In cases like these, companies typically turn to a bank to secure a business loan, which usually takes the form of a lump sum of cash or a line of credit. Business loans are quite common; according to Fundera, in 2022, 43% of small businesses applied for loans, with the average amount of a loan of approximately $633,000.

Individual consumers also take out loans, in the form of personal loans. These can be used for anything from home improvement projects to debt consolidation. TransUnion reported that the average amount for new unsecured personal loans was $8,085 in the second quarter of 2022.

However, business and personal loans aren’t approved without a thorough review process, which is where credit analysts come into play. What does a credit analyst do? They work on behalf of a bank or lending institution to determine the risk of a loan by reviewing the borrower’s credit profile.

Aspiring credit analysts should strongly consider pursuing an advanced education to prepare them for the role. Earning a graduate degree in business, economics or accountancy can be an excellent step on the path to becoming a credit analyst.

Credit Analyst Job Description and Responsibilities

Credit analysts are responsible for assessing the risk of business and personal loans. They rely on several pieces of financial information to assess a borrower’s reliability. This information includes earnings, debts, existing lines of credit, payment history, financial statements, and credit history. The current economic climate can also factor into their assessment.

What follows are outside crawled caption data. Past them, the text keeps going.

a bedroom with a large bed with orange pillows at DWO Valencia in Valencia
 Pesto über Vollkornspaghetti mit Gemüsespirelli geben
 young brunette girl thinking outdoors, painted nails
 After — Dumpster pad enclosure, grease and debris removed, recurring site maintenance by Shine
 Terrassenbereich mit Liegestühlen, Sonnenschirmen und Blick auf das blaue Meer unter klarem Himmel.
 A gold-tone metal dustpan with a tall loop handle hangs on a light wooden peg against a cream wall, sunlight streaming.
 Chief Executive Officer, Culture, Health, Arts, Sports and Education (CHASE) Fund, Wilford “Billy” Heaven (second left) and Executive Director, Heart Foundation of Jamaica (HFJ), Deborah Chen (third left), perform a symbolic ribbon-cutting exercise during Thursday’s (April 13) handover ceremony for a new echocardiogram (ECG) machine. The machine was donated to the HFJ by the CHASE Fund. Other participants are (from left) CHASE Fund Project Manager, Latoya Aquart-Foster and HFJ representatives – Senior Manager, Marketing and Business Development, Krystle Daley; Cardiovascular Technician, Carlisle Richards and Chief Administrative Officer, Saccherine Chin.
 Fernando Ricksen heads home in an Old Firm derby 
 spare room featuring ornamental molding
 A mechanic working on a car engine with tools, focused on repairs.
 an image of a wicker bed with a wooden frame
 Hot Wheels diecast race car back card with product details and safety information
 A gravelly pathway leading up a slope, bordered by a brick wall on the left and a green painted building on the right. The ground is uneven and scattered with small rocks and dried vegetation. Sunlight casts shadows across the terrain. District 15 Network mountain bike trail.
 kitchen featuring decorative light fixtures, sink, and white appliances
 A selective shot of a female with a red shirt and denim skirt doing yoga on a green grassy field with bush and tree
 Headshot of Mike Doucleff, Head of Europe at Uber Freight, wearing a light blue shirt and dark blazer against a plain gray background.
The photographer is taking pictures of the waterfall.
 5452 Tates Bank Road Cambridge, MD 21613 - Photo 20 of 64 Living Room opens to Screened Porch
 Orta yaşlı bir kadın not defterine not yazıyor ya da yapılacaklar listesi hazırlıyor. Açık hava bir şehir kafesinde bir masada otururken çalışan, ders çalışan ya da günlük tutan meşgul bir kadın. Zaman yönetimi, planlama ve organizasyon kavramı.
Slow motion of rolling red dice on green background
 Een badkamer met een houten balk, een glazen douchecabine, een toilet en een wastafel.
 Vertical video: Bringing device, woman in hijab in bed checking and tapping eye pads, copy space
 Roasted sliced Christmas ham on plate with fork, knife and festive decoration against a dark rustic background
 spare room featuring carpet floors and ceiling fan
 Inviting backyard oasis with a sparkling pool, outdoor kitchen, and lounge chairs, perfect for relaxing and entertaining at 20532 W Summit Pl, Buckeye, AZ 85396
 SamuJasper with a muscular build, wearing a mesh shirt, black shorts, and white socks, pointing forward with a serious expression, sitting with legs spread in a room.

Using this information, credit analysts determine the level of risk a potential borrower poses using ratios and mathematical formulas that illustrate fiduciary behavior. Credit analysts also factor in special considerations and outside factors that can affect a borrower or the industry a business operates in. Some examples include changes to existing regulations or new regulatory requirements, fluctuations in the stock market, and other changes in the economy as a whole.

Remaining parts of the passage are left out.